Fig. 5 illustrates a flow diagram for making an embodiment of the tubular irrigation device of the present disclosure wherein a flat inner film is adhered to a circular outer fabric by extrusion coating and subsequently inverted inside-out.

DETAILED DESCRIPTION

The present disclosure relates to tubular irrigation devices designed to be installable in extensive crops that can support higher water pressure rates to enable a long lifetime of usefulness and that allows the process of installation of the irrigation system to be more efficient. The aforementioned characteristics would save tremendous time and money to the farmer since a stronger flexible pipe would allow farmers to irrigate difficult (uneven) areas with more success and efficiency, lay new pipe more quickly, and avoid having to re lay pipe due to deterioration before end of the season.

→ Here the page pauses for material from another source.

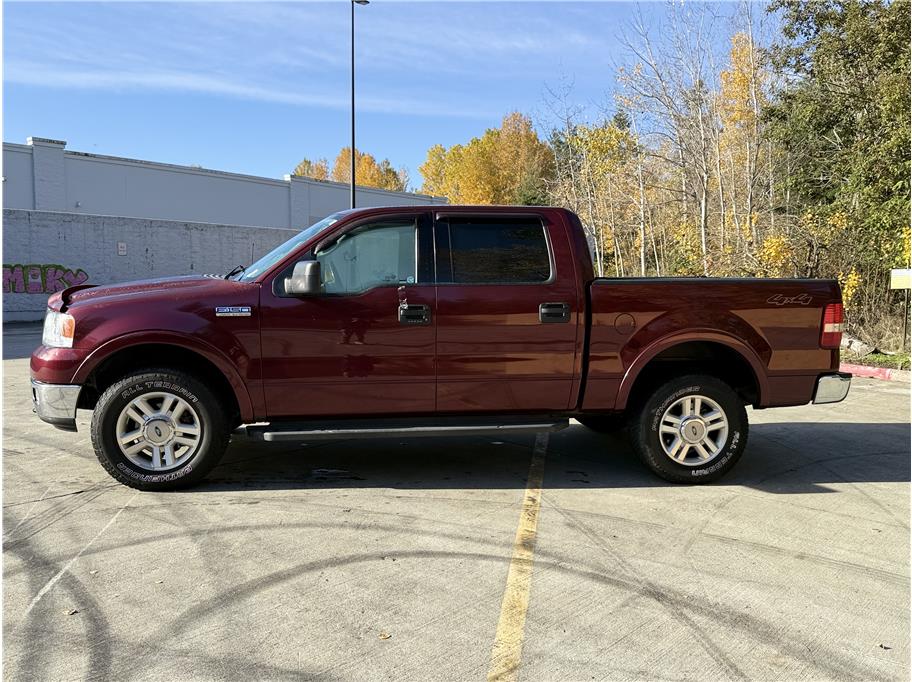 2004 Ford F-150 XLT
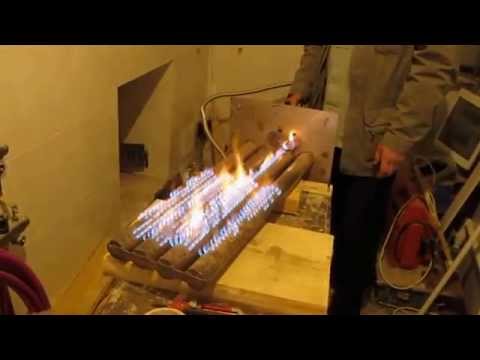 Котёл на пропане своими руками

Tubular irrigation devices of the present disclosure allow water to be supplied to extensive crops by pressure from wells with underground pumps and further irrigate the furrows by gravity flooding. The tubular irrigation device of the present disclosure avoids the need to frequently replace the sleeves used for irrigation of extensive crops and that allows a roll of the same diameter to contain more linear amount of the tubular device.

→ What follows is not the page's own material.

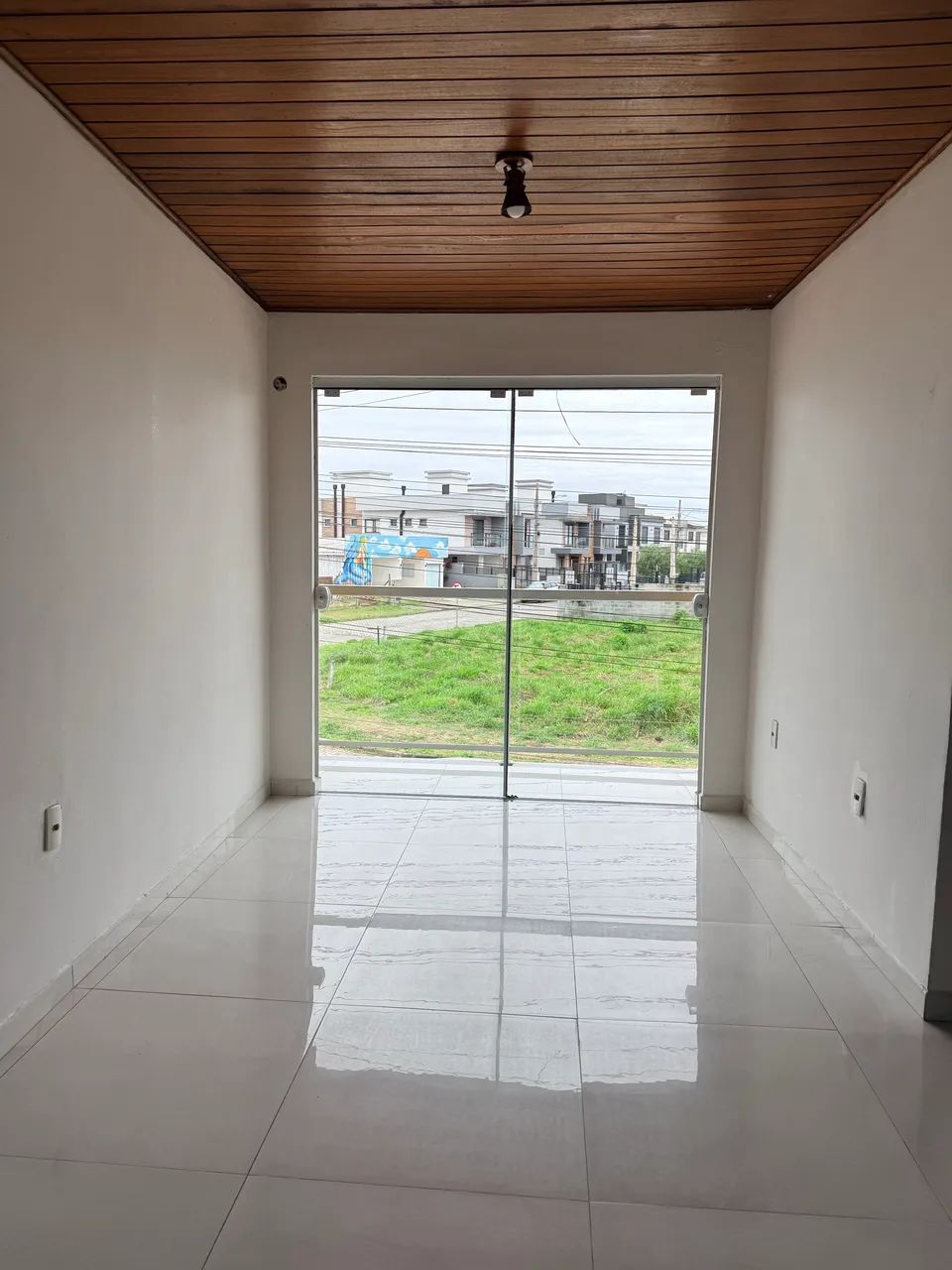 Alugo casa estilo ap no campeche a 2 km da praia  - Foto 3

The tubular device disclosed herein is one formed by a multilayer polymeric sheet whose configuration mitigates the deterioration of the tubular device, extends its lifetime of use and improves the pipe installation process. The number of rolls required for installation and the number of joints required in the field are reduced due to the characteristics of the tubular irrigation device disclosed herein.

The tubular irrigation device according to the present disclosure has a tear strength and puncture strength such that the lifespan is extended. Preferably, the multilayer polymeric sheet of the tubular irrigation device disclosed herein comprises one or more layers of woven polymeric thermoplastic materials, one or more layers of thermoplastic polymeric materials, e.g., an adhesive thermoplastic polymeric material, and one or more layers of polymeric waterproofing materials.

Illustrative types of thermoplastic polymer resins that can be used for the one or more layers of woven polymeric thermoplastic materials include, but are not limited to, polypropylene (PP), polyethylene (PE) such as for example LDPE, HDPE, LLDPE, polyethylene terephthalate (PET), polyamide (PA) such as nylon, and blends thereof. More preferably, thermoplastic polymer resins that can be used for the one or more layers of woven polymeric thermoplastic materials include, but are not limited to, polypropylene or polyethylene.

The one or more layers of polymeric waterproofing materials for the waterproof layer may include, but are not limited to, polypropylene, polyethylene (e.g., LDPE, HDPE, LLDPE), polyethylene terephthalate (PET), polyvinylchloride (PVC), and polystyrene.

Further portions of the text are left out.